Tuesday, March 09, 2010

Ashes: VI


Here we are at last with our final installment of Eliot's long, difficult, intense, and intensely personal Ash Wednesday. I have not, up to this point, added much in the way of analysis and interpretation. I tend to see scripture and poetry (somewhat) in the same category: they are neither tidy nor aloof. So interpretation, however much we may desire or pretend to the contrary, is usually quite personal. That is not to say that we are reduced merely to picking the linty fruit of our own navel gazing. (That was a more revolting analogy than I intended! Sorry.) Indeed, to the extent we are able, I think both God and good sense require us to seek knowledge by the usual, pedestrian, earth-bound means: research, logic, pondering, even (gasp!) debate, or at least discussion. In this process, objectivity ought to be a goal, but we should not fool ourselves into believing that we are above the fray.

Ultimately, we are laborers, and that means we work in the valley and, with time, among the foothills. We have not yet ascended the mountain. We are masons wielding trowel and mud and brick. As such, we must have enough perspective to know how to use a square and a plumb-line. We are not, however, the Architect, and our glimpses of the blueprints are, for the most part, fragmentary.

At the same time, as believers in the reality of the Holy Spirit, we should hope in (and work for) those moments when, amid the dust and rubble, a rock momentarily becomes a seerstone––when our battered lanterns miraculously cast light through walls, and even into hearts.

With these caveats in mind, then, let's briefly (and far from definitively) examine where Eliot has led us thus far.


I

Ash Wednesday begins in the desert.

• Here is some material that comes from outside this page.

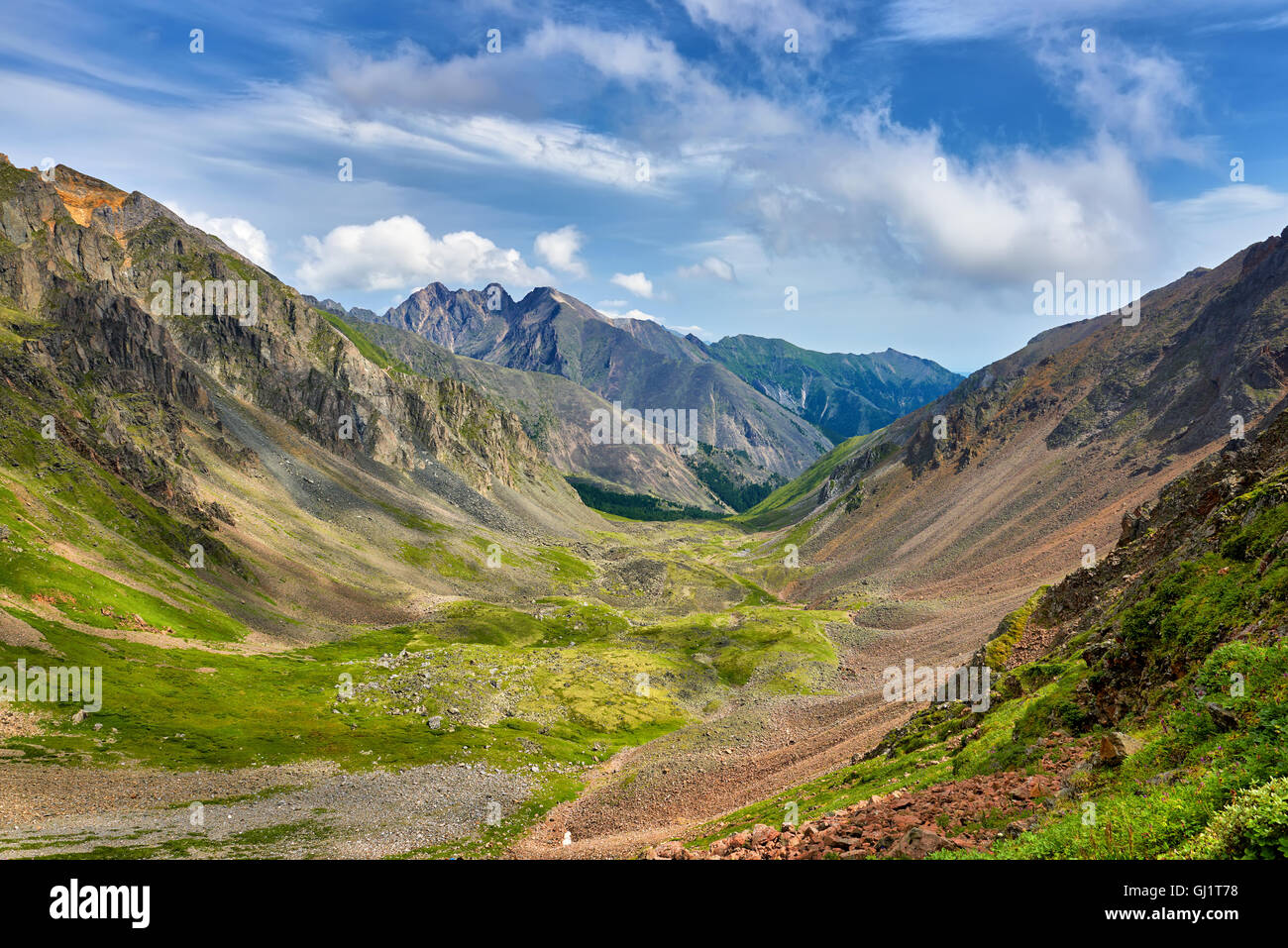Green alpine meadows in mountain valley . View from above. Eastern Sayan . Russia Stock Photo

This is a common image for Eliot, author of The Waste Land and The Hollow Men. Modernism, wandering through the territory of savage individualism, cannot help but lead to anxiety and alienation, and, ultimately, to nihilism. Ayn Rand is the marijuana to Sartre's heroin––a gateway philosophy, if you like, a path toward No Exit.

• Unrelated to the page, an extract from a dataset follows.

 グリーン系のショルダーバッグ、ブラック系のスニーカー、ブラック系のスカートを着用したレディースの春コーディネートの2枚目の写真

The soul is weary. All is arid sameness. Having sought the World, he finds it only ash. The power in the earth, in nature, in life itself (and it is real: "veritable") is stripped away precisely because it is "transitory." Hitting rock-bottom, the rock crumbles and the bottom drops out. Lacking power to reach for the possibility of the divine ("blessèd face"), the soul would try to build something "upon which to rejoice," but how can it lay a foundation on nothingness? Even the modern poets' reaching to outdo one another in ironic paeans of sophisticated despair (like drowning men holding a peeing contest) ultimately holds no interest. Any effort to "rejoice" is a laughless joke, and now, in the blackness, the soul must consider that it might have missed something, some reality it didn't see, some meaning. If so, surely there will be judgment. In a world of nothingness, failing to notice the single reality is the ultimate sin, indeed, the only sin. In fear then, the soul begins to pray, begging mercy. In the last few lines, quoting the liturgy, Eliot has tied this single soul to a community. Perhaps we can see here some refutation of modernism's shrill insistence on individualism and the alienation that results. Perhaps to be saved at all we must be saved together.


II

My immediate reaction as I begin to read the second stanza is relief. It isn't cheerful, but there is some respite from the intolerable, insuperable despair. The poet begins to consider death itself, forgetting, oblivion––perhaps there is some rest here. He has been consumed utterly: "my legs" (mobility), "my heart my liver" (life), and "that which had been contained in the hollow round of my skull" (thought). There is a "Lady." Perhaps Dante's Beatrice? There is a focus here on the colors white and blue, which are distinctly Marian. This is a strange kind of paradise. The soul has been reduced––pared down to essentials? The bones "shine" and "chirp." He offers himself to "oblivion" (are we to associate "oblivion" with God?) and thereby retains himself, or at least some part of himself (Matt. 16:25 may be applicable here). Is this a kind of resurrection? We are not really in Christian territory yet, not as it is commonly understood. There are whiffs of Oriental incense (Buddhism? Nirvana?), yet I am reminded of some descriptions of Theosis: being swallowed in, or participating in the life of God himself. And in this section God does indeed invite these bones to participate, commanding them to prophesy. Now begins a litany of paradox, some of which, again, strikes me as Marian. (She is often associated with "the Rose.") Still, this is clearly not an expected kind of paradise for the believing Christian. Three times, he refers to the end of "love." (Perhaps more of a Buddhist notion, aimed at freeing oneself from all desire, craving, and attachment.) At least, though, the torture of the first stanza is alleviated. There is peace; there is some "land," some "inheritance."


III

The third section is a Pilgrim's Progress of sorts, maybe a Jacob's Ladder. I think Eliot is broadening his perspective, so I look at the first two stanzas as little summations of our progress to this point. The first refers to a "devil" that wears the face of "despair," which was the major opponent in the first section. The second stanza transcends that trial, leaving the devil "twisting, turning below," and now passes through a place with "no more faces," a place reminiscent of another devouring animal (like the leopards), an "agèd shark." There is no struggle here––it is peaceful, though not paradisaical––but the soul is ready to continue upward.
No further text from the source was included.